Saturday, June 26, 2010

Negative Nelly (or Tia)


I feel I must apologize for my negative attitude of late.  I have been such a witch, and not just in my blog posts, facebook status' and other assorted online personalities.  My grumpiness has known no boundaries at home and work too.  

As I was sitting here, trying to catch up on others blogs I was so excited to see the rain clouds come rolling in.
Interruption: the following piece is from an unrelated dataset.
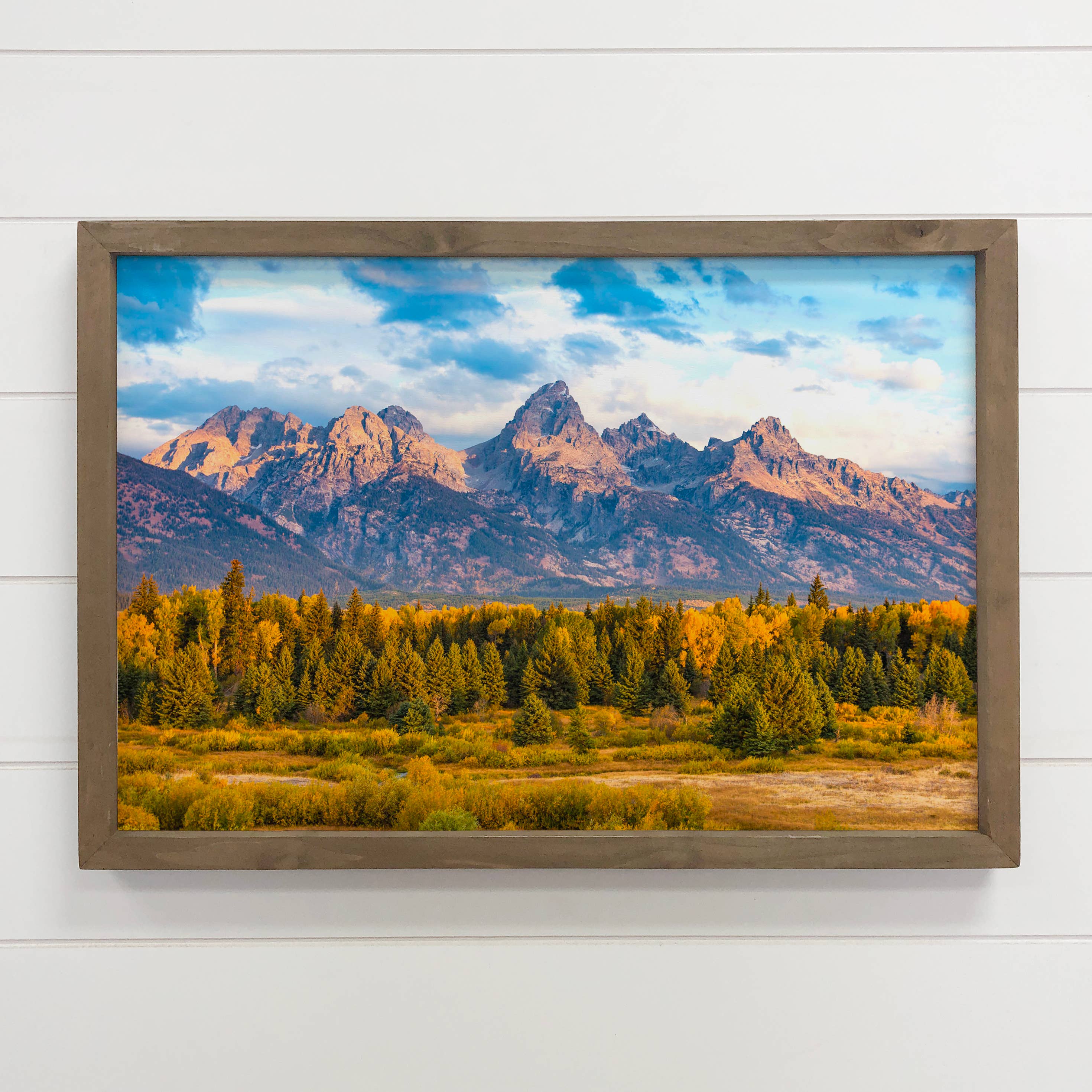 Grand Teton National Park View - Nature Canvas Art - Framed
Most people like to complain about the rain (especially ruining summer plans).  Me?  Not so much.  I am just not a summer kinda gal.  99 degrees yesterday and 95 today is just too dang hot to actually DO much of anything.  At least, it is for me.  I haven't wanted to cook (the a/c is out), play outside with the kids (I feel like I will melt), or drive (the car was acting up).  This rain has pointed out my crap attitude to me.  So I think I will make a list of things that I am thankful for, as penance for focusing on the things I am not so thankful for.

1.  The rain for my garden, bringing cool air to make up for the lack of a/c. 

2.  A really great car guy recommended by a friend/neighbor.  Only charged me $450 for a job that 3 auto shops quoted an average of $1600.

3.  Pizza places that deliver when this tired momma doesn't want to cook.

4.  Skype.  I learned how to use this and LOVE the fact that I can see my sis as I chat with her.  

5.  Knuckles.  As in, my not quite 2 year old nephew holding his tiny, little fist up to the web cam so he can give his Tia "knuckles".  He also gives kisses which make my heart skip a beat.  

6.  A co-worker's vacation.  I am getting 27 extra hours of work next week which will go a long way towards paying off that car bill.

I can't make any promises about maintaining a positive outlook.  It's just not natural.

Monday, June 14, 2010

Down in the dumps

Please bear with me.  Ever since my little sis moved across the freaking country to some tiny-town in Pennsylvania I have been down in the dumps.  I just haven't been able to pull myself out of this slump yet.

I pass the Starbucks where we would meet regularly and burst into tears.  I wanted to go to my favorite little mexican place "Mi Tierra" but couldn't stand the thought of eating there without her.  It's where we ate a LOT when she was preggers with her little man.  Missing him is just about killing me.  The fact that his not-quite-2 year old brain has already forgotten who I am makes me die a little bit inside.

I promise, I'll pull myself out of this and post some pics of the kids soon.  We have been doing stuff (they shouldn't suffer cuz I am).  Camping, Cub Scout day camp and the upcoming rocket launch etc...I have lots of pictures but no desire to post them just yet.